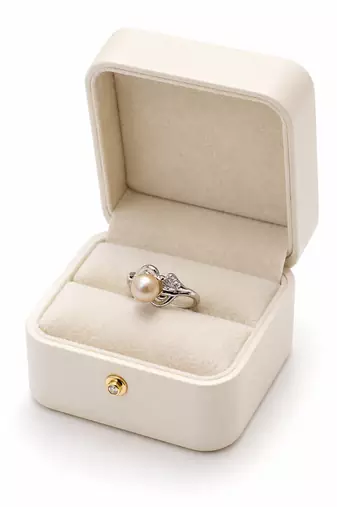 Pearl finger ring with cz accents, silver-tone, adjustable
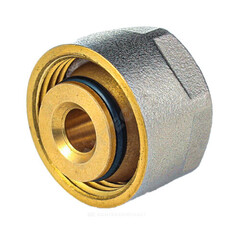 Евроконус для МП труб латунь никель обжим Дн 16х2,0х3/4" накидная гайка Aquasfera 5021-02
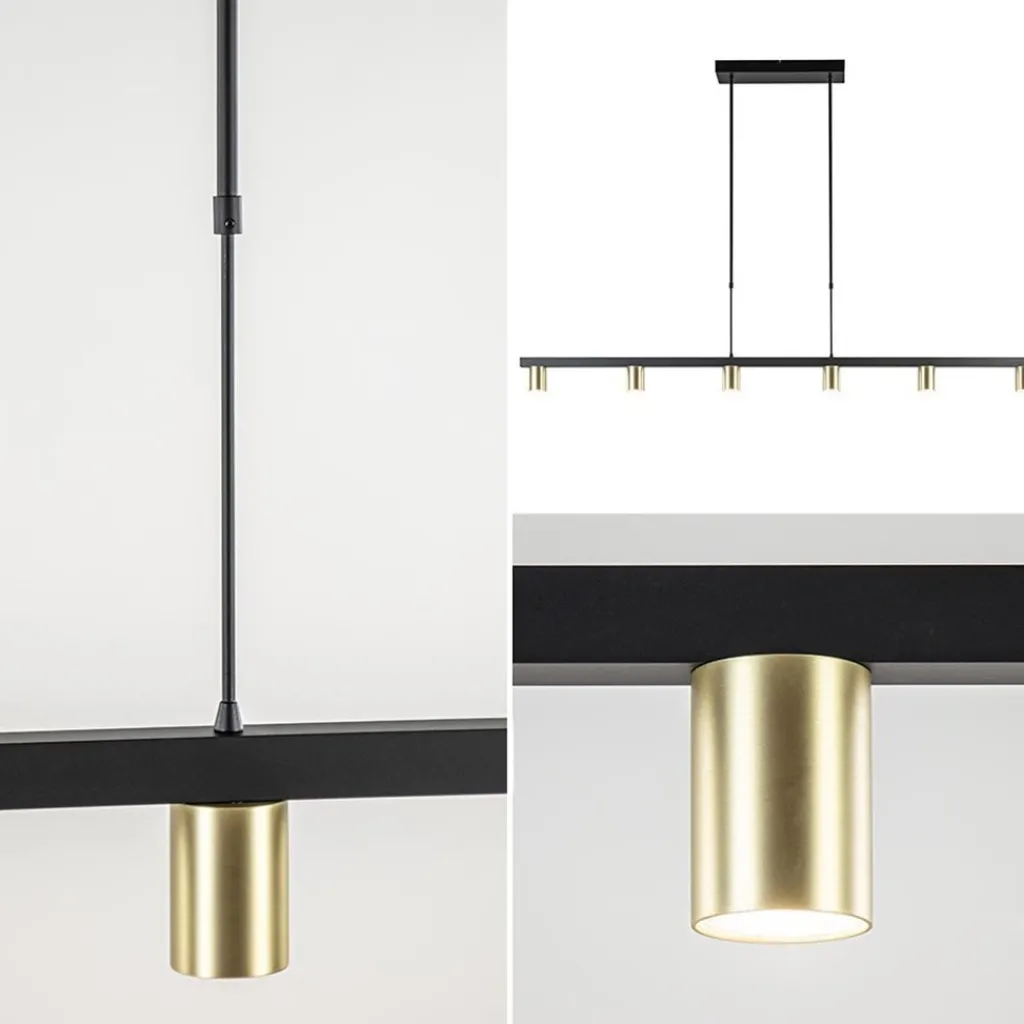 Straluma Hanglamp Bounce 6L 160cm zwart/goud> Eettafellampen|Keukenverlichting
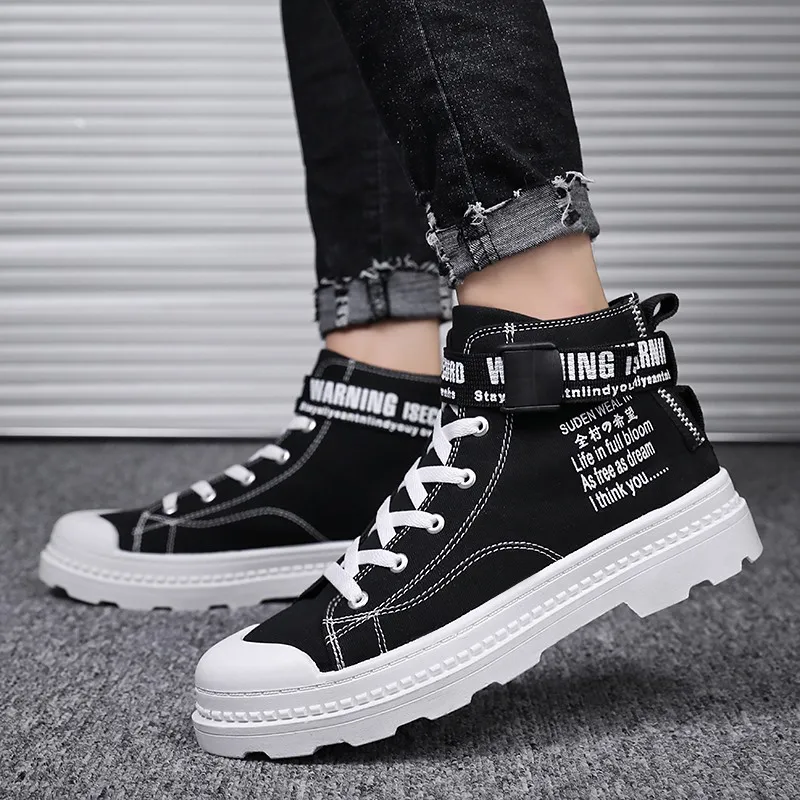

2019 Autumn New Style Martin Boots Breathable England Canvas Men's Boots Casual Korean-style Trend Hight-top Workwear MEN'S SHOE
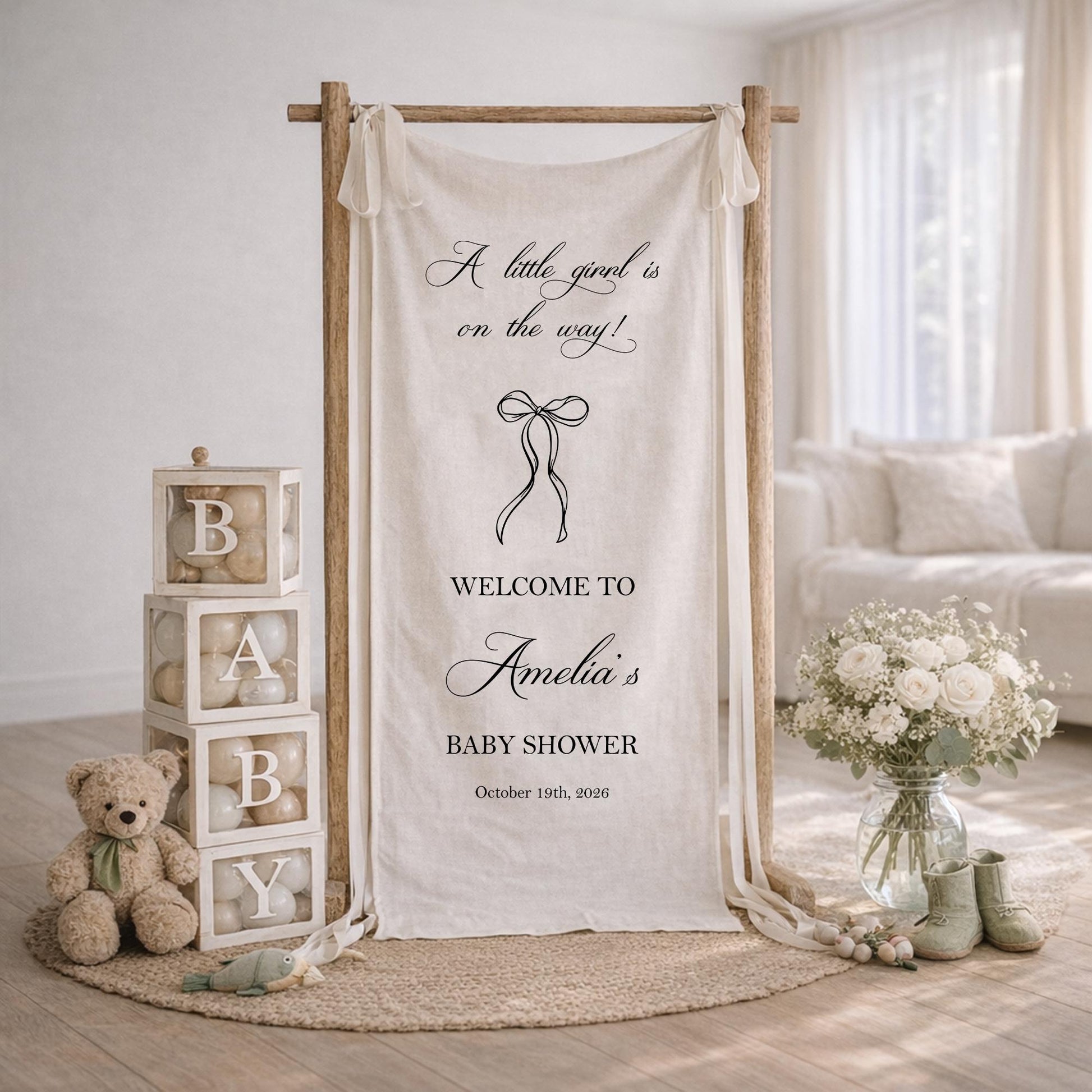 A Little Girl Is On The Way Baby Shower Banner, Baby Girl Shower Welcome Sign, Personalized Baby Shower Backdrop, Bow Baby Shower Decor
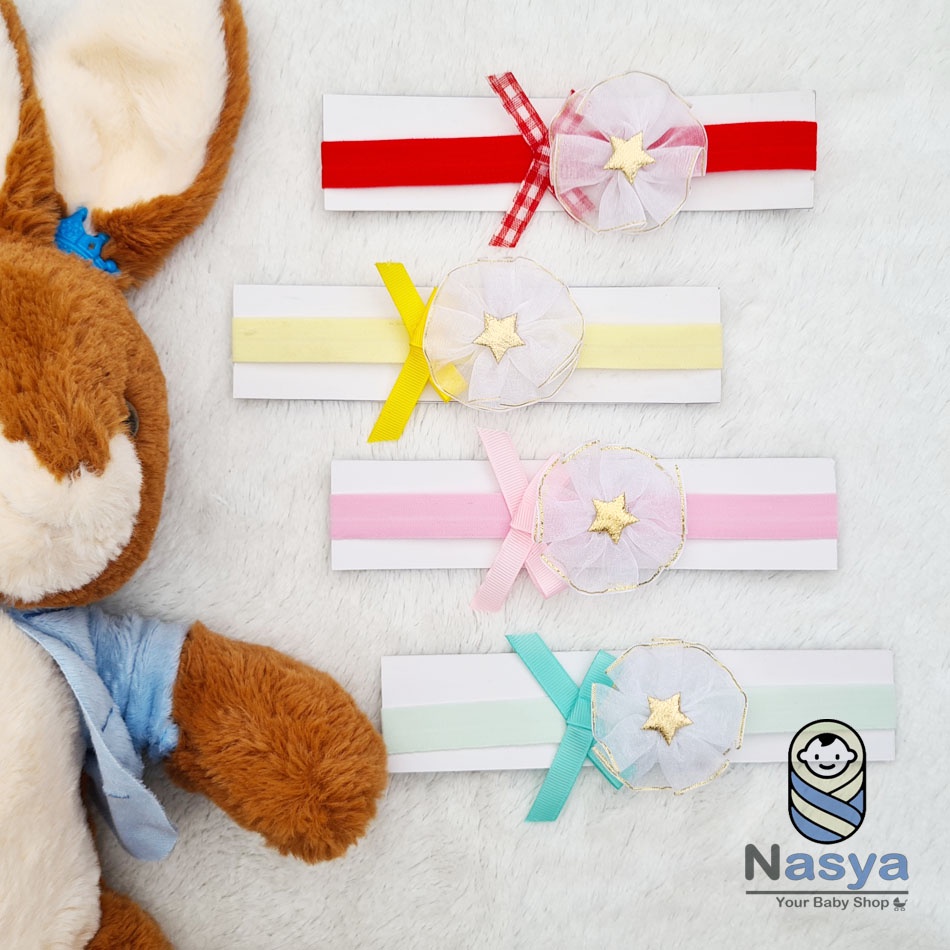 [BN-002] BANDANA / BANDO PITA BAYI LUCU / Baby Headband hiasan pita bintang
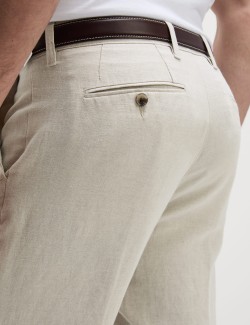 Chino kalhoty ze směsi lnu, normální střih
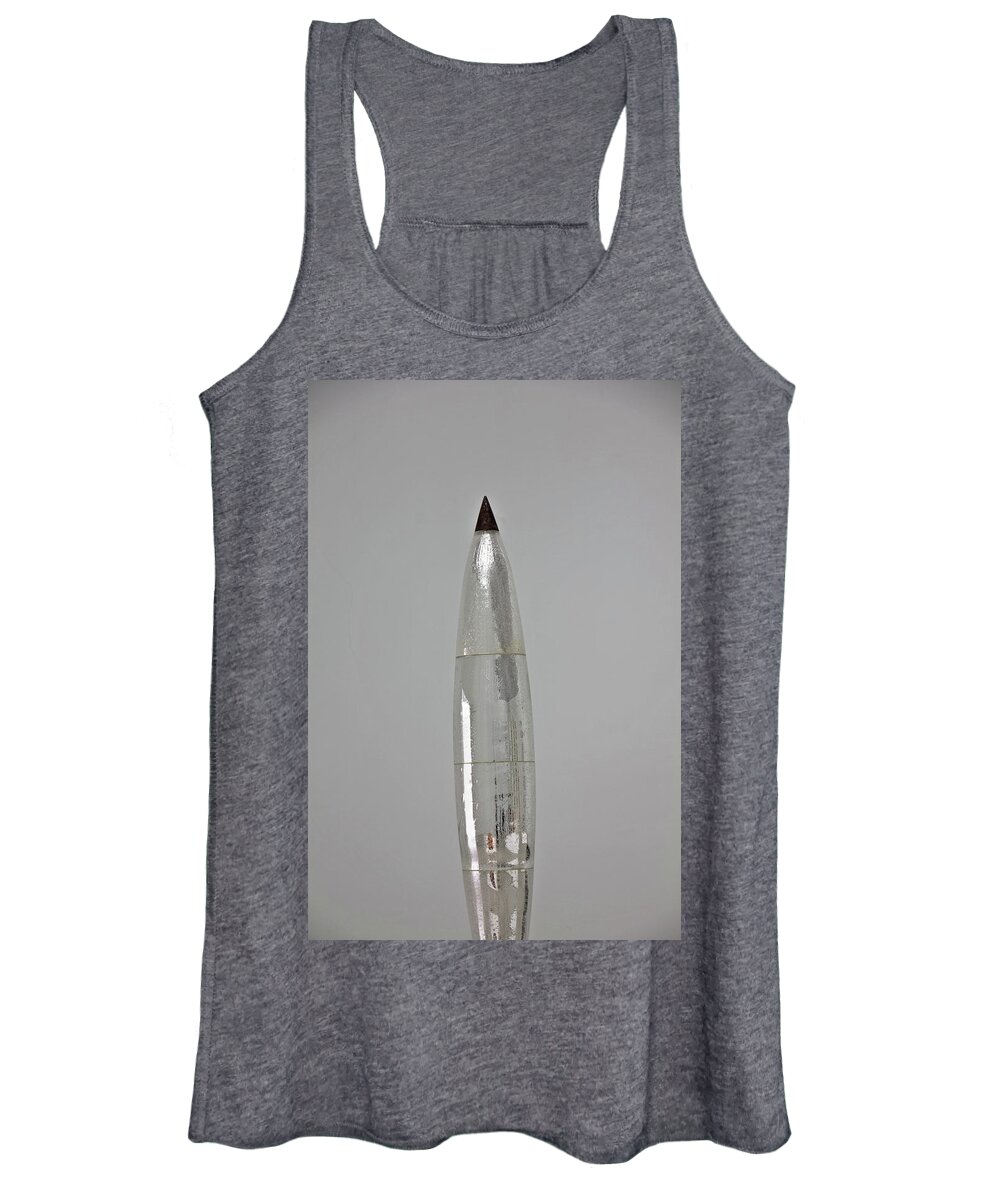 Mostly Black And White Silver Rocket Suppository Gray Background Black Tipped Women's Tank Top featuring the photograph Mostly Black and White Silver Rocket Suppository Gray background Black Tipped 2 8282017 by David Frederick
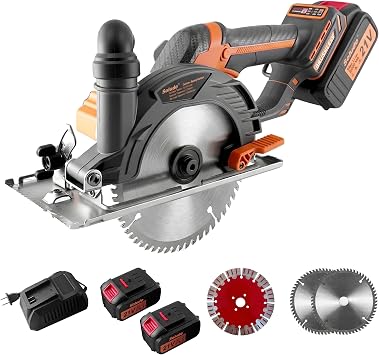 6-Inch 21V Brushless Cordless Circular Saw with 2 x 6.0Ah Lithium Batteries Electric Cutting Circular Saw with 3 Saw Blades for Wood, Metal, Tile, Drywall, Plastic Cutting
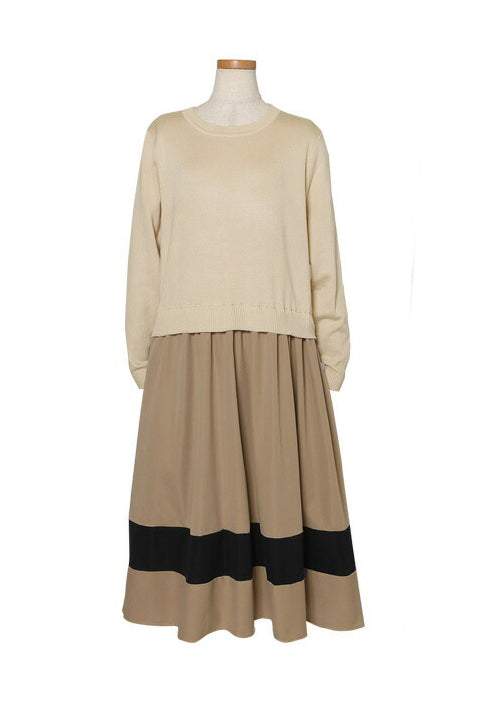 ニットドッキング異色ロングフレアワンピース　6色入 - liwisi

──────────

* Exercise prompt
Set down the material exactly as given, but print none of the pictures.

* Output below
 Pearl finger ring with cz accents, silver-tone, adjustable
 Евроконус для МП труб латунь никель обжим Дн 16х2,0х3/4" накидная гайка Aquasfera 5021-02
 Straluma Hanglamp Bounce 6L 160cm zwart/goud> Eettafellampen|Keukenverlichting

2019 Autumn New Style Martin Boots Breathable England Canvas Men's Boots Casual Korean-style Trend Hight-top Workwear MEN'S SHOE
 A Little Girl Is On The Way Baby Shower Banner, Baby Girl Shower Welcome Sign, Personalized Baby Shower Backdrop, Bow Baby Shower Decor
 [BN-002] BANDANA / BANDO PITA BAYI LUCU / Baby Headband hiasan pita bintang
 Chino kalhoty ze směsi lnu, normální střih
 Mostly Black And White Silver Rocket Suppository Gray Background Black Tipped Women's Tank Top featuring the photograph Mostly Black and White Silver Rocket Suppository Gray background Black Tipped 2 8282017 by David Frederick
 6-Inch 21V Brushless Cordless Circular Saw with 2 x 6.0Ah Lithium Batteries Electric Cutting Circular Saw with 3 Saw Blades for Wood, Metal, Tile, Drywall, Plastic Cutting
 ニットドッキング異色ロングフレアワンピース　6色入 - liwisi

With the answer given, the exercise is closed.